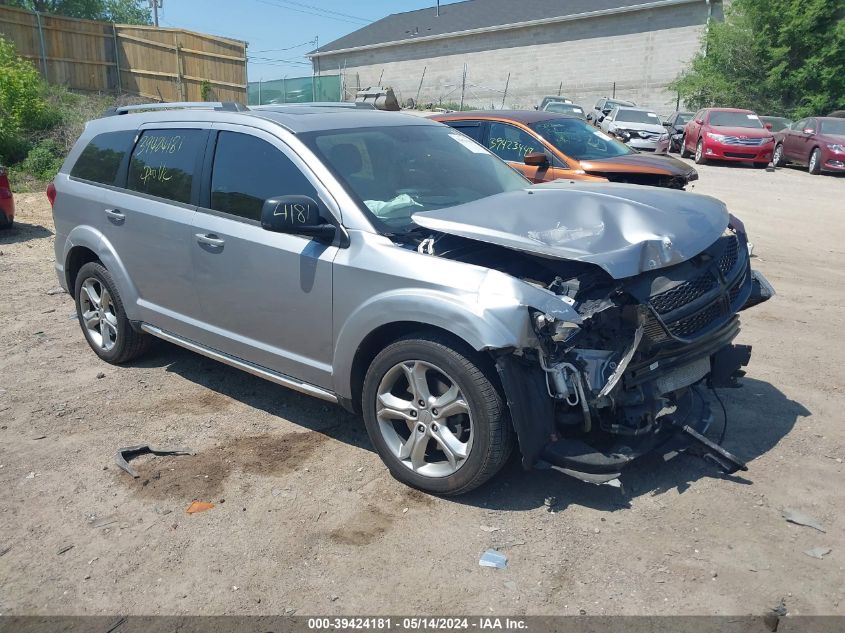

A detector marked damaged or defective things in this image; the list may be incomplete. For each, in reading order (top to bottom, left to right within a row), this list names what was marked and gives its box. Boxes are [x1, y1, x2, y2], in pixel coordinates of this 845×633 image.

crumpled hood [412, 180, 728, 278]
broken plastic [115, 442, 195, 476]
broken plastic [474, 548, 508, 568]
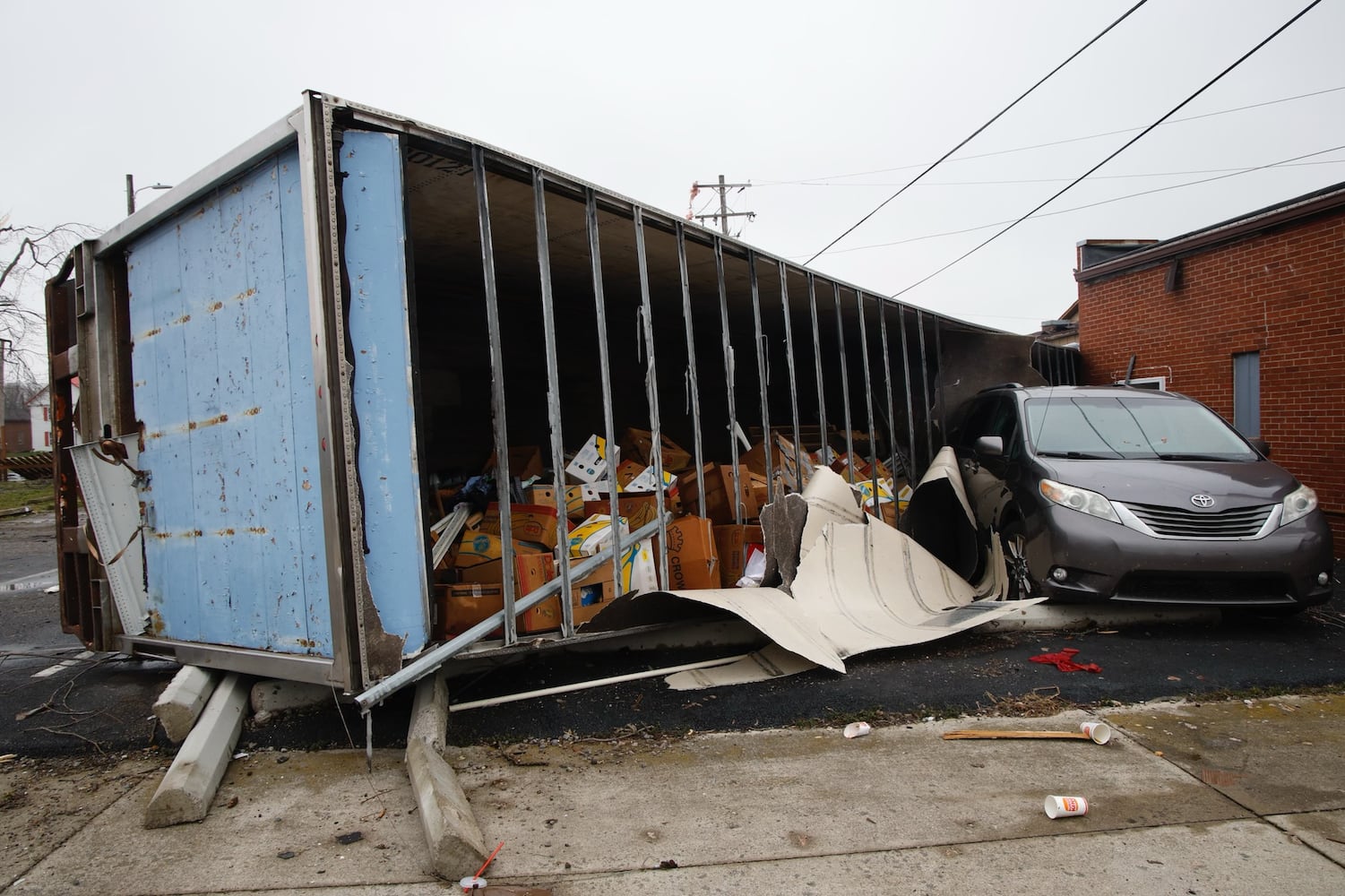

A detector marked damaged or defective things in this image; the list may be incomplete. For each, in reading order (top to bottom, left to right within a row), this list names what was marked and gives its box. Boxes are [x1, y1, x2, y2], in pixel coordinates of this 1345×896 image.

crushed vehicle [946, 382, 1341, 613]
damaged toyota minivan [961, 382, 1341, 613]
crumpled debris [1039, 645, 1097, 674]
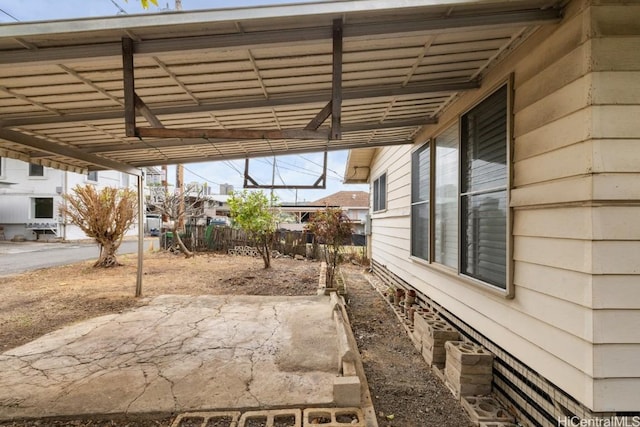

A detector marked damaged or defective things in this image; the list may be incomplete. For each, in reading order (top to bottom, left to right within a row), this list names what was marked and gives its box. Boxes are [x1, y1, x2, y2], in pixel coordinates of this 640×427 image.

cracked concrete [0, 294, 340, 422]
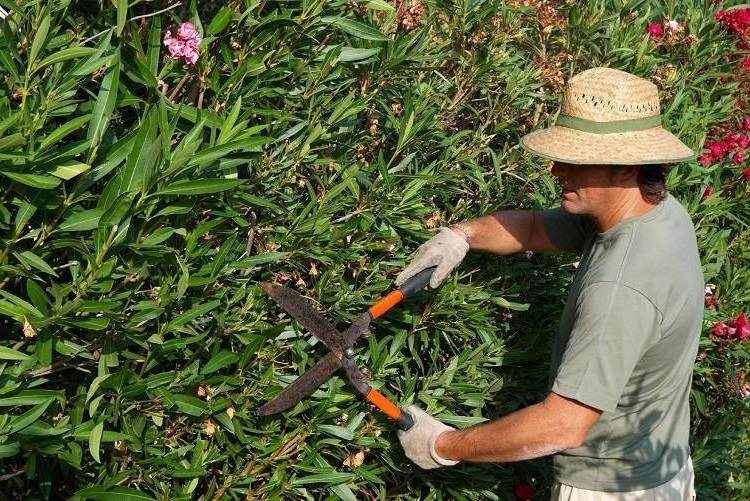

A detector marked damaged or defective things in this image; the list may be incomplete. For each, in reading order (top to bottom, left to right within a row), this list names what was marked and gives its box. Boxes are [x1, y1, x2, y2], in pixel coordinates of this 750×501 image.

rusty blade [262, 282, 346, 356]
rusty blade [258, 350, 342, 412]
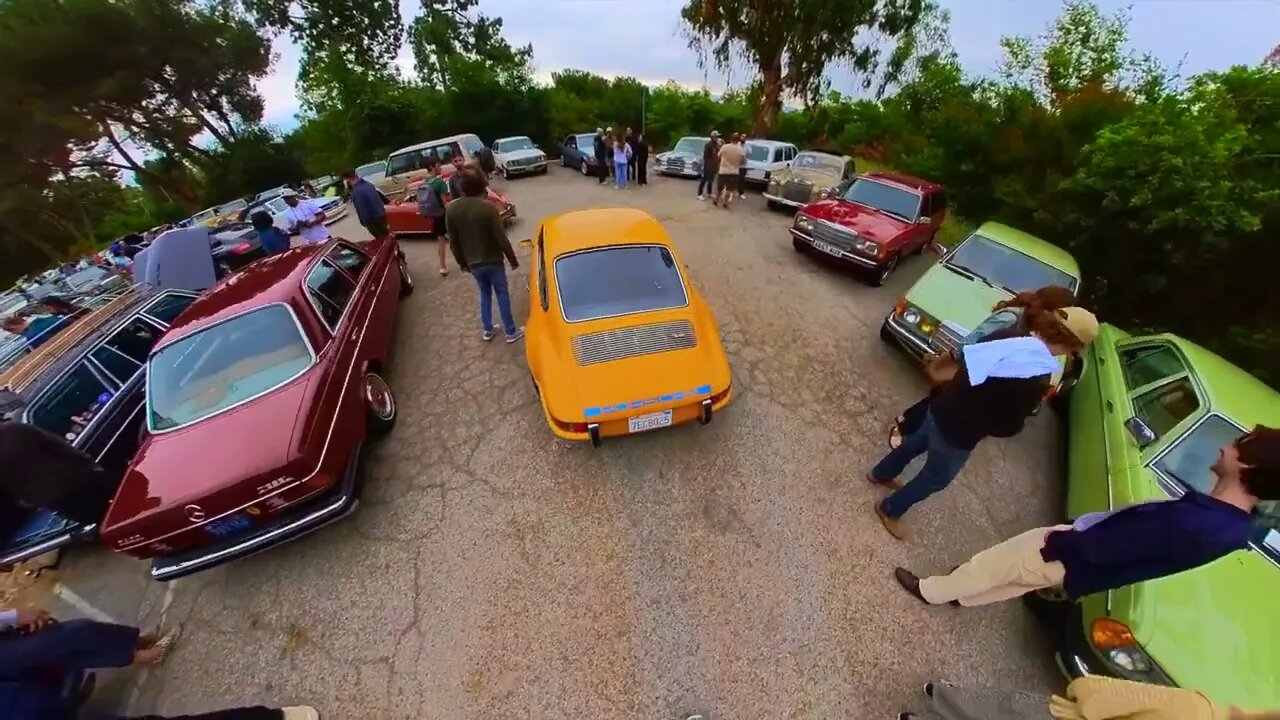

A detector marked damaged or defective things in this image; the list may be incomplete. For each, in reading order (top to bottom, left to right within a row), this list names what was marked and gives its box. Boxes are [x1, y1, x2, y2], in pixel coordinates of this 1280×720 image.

━━━━━━━━━━━━━━━━━━━━

Copy all records exactly; omit images.

A detector marked damaged or defective things in this image; the list may be incomplete. For each, in reading order (top to bottom, left to right within a row), this list names what was marked and gives its box. Boxes are [x1, y1, x2, y2], in pixel coordinates of this 845×633 image.

crumpled hood [412, 180, 728, 278]
broken plastic [115, 442, 195, 476]
broken plastic [474, 548, 508, 568]

A detector marked damaged or defective things in this image; the list may be incomplete. For each, in reading order (top to bottom, left to right within a row), this list names what was marked and gives its box. Boxes are [x1, y1, x2, y2], in pixel coordinates of this 1345×896 image.

crushed vehicle [946, 382, 1341, 613]
damaged toyota minivan [961, 382, 1341, 613]
crumpled debris [1039, 645, 1097, 674]

A detector marked damaged or defective things in this image; the list may be incomplete. For each, in reading order (top to bottom, left to right within a row), this list names what was marked and gives its box. Boxes are [x1, y1, x2, y2], in pixel coordinates of this 640×427 image.

cracked concrete [0, 294, 340, 422]

A detector marked damaged or defective things in this image; the list may be incomplete. For each, in reading order (top to bottom, left to right within a row), this list names what was marked and gives its box. Boxes are [x1, y1, x2, y2], in pixel coordinates of this 750×501 image.

rusty blade [262, 282, 346, 356]
rusty blade [258, 350, 342, 412]

A detector marked damaged or defective things in this image; the list may be incomplete. For each, in reading order (top to bottom, left to right within a row), this list names what was marked and gives its box. Boxes are [x1, y1, x2, y2], in pixel coordinates of this 1280×720 image.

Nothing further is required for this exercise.